━━━ DATA EXTRACT

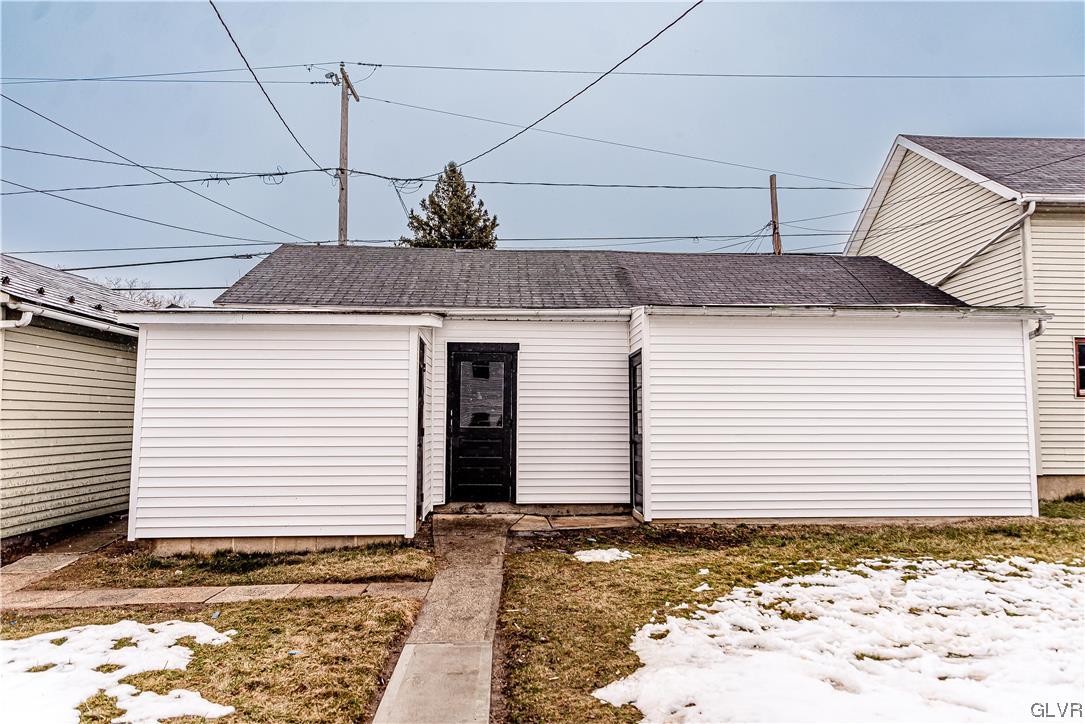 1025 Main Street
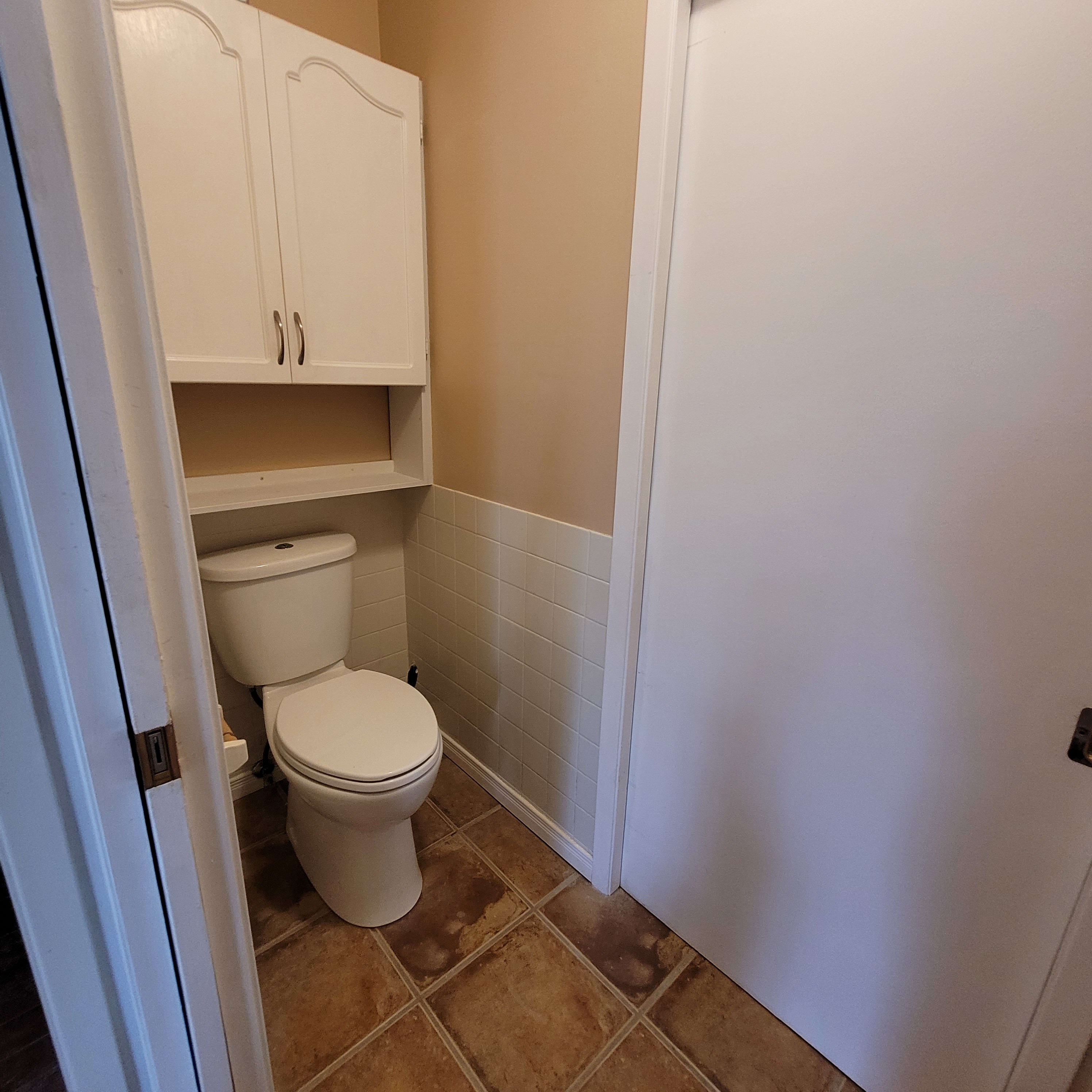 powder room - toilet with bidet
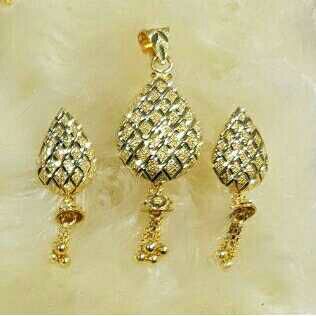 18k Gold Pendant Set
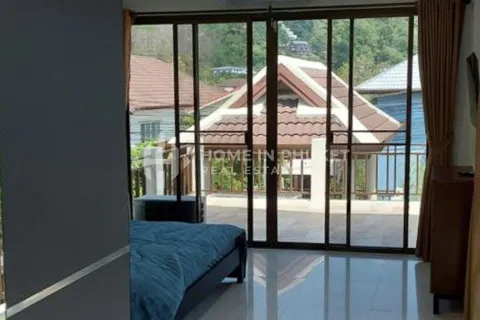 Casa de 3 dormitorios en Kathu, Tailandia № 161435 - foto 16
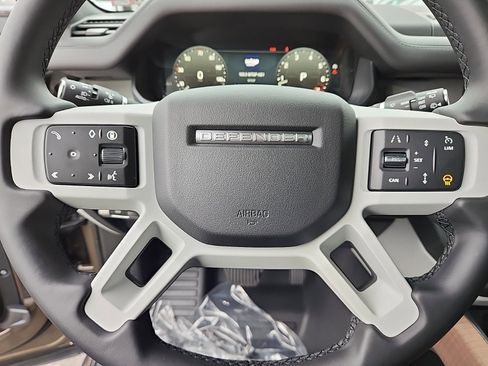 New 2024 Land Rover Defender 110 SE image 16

━━━━━━

From the line containing "powder room - toilet with bidet" down to the end of the data above, reproduce each line exactly; no pictures.

 powder room - toilet with bidet
 18k Gold Pendant Set
 Casa de 3 dormitorios en Kathu, Tailandia № 161435 - foto 16
 New 2024 Land Rover Defender 110 SE image 16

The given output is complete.